Document cold buckets and GCS 429 problem (#1009)

paraseba · web-flow · commit 9f1c891194ff · 2025-06-26T11:23:40.000-03:00
diff --git a/docs/docs/icechunk-python/performance.md b/docs/docs/icechunk-python/performance.md
@@ -9,6 +9,36 @@
 
 Icechunk is designed to be cloud native, making it able to take advantage of the horizontal scaling of cloud providers. To learn more, check out [this blog post](https://earthmover.io/blog/exploring-icechunk-scalability) which explores just how well Icechunk can perform when matched with AWS S3.
 
+## Cold buckets and repos
+
+Modern object stores usually reshard their buckets on-the-fly, based on perceived load. The
+strategies they use are not published and very hard to discover. The details are not super important
+anyway, the important take away is that on new buckets and even on new repositories, the scalability
+of the object store may not be great from the start. You are expected to slowly ramp up load, as you
+write data to the repository.
+
+Once you have applied consistently high write/read load to a repository for a few minutes, the object
+store will usually reshard your bucket allowing for more load. While this resharding happens, different
+object stores can respond in different ways. For example, S3 returns 5xx errors with a "SlowDown"

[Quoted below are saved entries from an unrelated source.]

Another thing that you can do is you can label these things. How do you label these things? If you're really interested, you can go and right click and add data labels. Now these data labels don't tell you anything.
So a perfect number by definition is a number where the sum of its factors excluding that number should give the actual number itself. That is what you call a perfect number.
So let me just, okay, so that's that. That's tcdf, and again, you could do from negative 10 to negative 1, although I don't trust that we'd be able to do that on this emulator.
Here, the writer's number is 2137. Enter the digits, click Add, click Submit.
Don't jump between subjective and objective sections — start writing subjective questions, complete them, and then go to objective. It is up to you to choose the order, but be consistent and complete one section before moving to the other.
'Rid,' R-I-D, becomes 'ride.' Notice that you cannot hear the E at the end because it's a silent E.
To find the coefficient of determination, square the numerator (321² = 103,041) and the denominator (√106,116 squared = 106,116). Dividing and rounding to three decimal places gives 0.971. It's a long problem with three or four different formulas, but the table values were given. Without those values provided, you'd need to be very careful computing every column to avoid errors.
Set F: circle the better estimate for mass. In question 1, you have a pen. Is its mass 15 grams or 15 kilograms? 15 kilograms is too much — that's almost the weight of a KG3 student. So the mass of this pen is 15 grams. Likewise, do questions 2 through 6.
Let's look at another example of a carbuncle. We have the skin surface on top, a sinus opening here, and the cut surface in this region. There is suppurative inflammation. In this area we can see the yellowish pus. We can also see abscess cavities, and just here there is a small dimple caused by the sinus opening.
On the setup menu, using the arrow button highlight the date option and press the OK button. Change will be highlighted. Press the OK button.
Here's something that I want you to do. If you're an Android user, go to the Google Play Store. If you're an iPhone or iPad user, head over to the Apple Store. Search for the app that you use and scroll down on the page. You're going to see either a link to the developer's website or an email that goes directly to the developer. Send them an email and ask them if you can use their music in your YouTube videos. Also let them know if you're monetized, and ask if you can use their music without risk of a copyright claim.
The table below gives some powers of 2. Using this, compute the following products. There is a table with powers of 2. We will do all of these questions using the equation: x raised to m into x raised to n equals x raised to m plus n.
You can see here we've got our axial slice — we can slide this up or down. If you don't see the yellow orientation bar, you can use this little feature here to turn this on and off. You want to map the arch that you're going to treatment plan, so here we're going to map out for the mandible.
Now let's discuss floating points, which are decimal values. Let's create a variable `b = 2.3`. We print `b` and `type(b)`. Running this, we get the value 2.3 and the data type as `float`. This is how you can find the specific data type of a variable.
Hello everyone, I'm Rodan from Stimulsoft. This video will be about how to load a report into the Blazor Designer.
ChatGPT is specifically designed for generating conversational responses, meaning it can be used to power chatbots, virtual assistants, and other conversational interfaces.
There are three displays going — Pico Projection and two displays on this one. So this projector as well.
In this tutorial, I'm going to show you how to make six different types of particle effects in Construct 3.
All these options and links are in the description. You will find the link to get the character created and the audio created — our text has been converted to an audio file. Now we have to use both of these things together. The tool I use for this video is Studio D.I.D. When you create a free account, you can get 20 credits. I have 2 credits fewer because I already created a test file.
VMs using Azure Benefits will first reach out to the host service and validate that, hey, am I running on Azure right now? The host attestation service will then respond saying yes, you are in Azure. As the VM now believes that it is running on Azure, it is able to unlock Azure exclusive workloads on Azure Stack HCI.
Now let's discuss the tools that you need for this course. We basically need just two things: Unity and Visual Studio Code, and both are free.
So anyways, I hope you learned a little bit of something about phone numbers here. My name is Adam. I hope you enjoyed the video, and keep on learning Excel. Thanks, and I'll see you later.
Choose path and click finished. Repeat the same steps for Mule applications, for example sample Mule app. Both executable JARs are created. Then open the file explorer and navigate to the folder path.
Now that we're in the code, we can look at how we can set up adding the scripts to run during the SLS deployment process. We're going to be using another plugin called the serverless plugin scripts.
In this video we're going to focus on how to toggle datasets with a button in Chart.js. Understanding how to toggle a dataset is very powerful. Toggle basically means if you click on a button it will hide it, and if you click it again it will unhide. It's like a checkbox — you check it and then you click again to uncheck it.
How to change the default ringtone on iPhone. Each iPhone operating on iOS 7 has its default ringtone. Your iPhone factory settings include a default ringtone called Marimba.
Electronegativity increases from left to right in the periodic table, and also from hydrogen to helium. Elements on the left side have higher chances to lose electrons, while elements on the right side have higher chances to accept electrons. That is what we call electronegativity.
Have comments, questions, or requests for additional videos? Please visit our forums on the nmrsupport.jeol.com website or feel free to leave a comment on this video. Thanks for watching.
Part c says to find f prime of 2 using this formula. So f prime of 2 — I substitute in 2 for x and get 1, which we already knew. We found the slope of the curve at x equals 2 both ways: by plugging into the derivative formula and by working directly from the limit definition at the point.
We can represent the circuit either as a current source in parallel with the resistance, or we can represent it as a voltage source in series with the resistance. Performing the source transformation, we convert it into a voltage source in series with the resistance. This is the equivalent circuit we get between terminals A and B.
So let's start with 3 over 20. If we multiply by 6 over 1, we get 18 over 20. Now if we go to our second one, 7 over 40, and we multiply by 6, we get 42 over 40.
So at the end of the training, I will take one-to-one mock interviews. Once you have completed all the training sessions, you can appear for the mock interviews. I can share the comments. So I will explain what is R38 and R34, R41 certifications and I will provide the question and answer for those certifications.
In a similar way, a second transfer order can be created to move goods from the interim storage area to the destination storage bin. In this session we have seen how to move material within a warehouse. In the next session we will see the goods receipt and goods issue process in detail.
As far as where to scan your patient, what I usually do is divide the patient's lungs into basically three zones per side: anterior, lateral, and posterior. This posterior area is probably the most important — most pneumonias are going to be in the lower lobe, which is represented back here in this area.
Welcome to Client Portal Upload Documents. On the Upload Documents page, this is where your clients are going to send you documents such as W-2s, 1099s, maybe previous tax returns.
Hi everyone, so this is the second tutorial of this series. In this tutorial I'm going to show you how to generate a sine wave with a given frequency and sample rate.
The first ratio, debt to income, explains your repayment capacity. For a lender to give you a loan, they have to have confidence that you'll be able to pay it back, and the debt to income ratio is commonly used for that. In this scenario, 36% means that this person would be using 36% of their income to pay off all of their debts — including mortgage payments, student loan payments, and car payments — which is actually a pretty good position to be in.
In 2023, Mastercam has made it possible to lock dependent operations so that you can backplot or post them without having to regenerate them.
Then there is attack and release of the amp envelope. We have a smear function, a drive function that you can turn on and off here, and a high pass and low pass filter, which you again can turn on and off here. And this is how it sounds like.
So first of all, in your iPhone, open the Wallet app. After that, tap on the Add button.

+indication. GCS returns 429 responses.
+
+Icechunk helps this process by retrying failed requests with an exponential backoff. In our
+experience, the default configuration is enough to ingest into a fresh bucket using around 100 machines.
+But if this is not the case for you, you can tune the retry configuration using [StorageRetriesSettings](https://icechunk.io/en/latest/icechunk-python/reference/#icechunk.StorageRetriesSettings).
+
+To learn more about how Icechunk manages object store prefixes, read our
+[blog post](https://earthmover.io/blog/exploring-icechunk-scalability)
+on Icechunk scalability.
+
+!!! warning
+
+    Currently, Icechunk implementation of retry logic during resharding is not
+    [working properly](https://github.com/earth-mover/icechunk/issues/954) on GCS.
+    We have a [pull request open](https://github.com/apache/arrow-rs-object-store/pull/410) to
+    one of Icechunk's dependencies that will solve this.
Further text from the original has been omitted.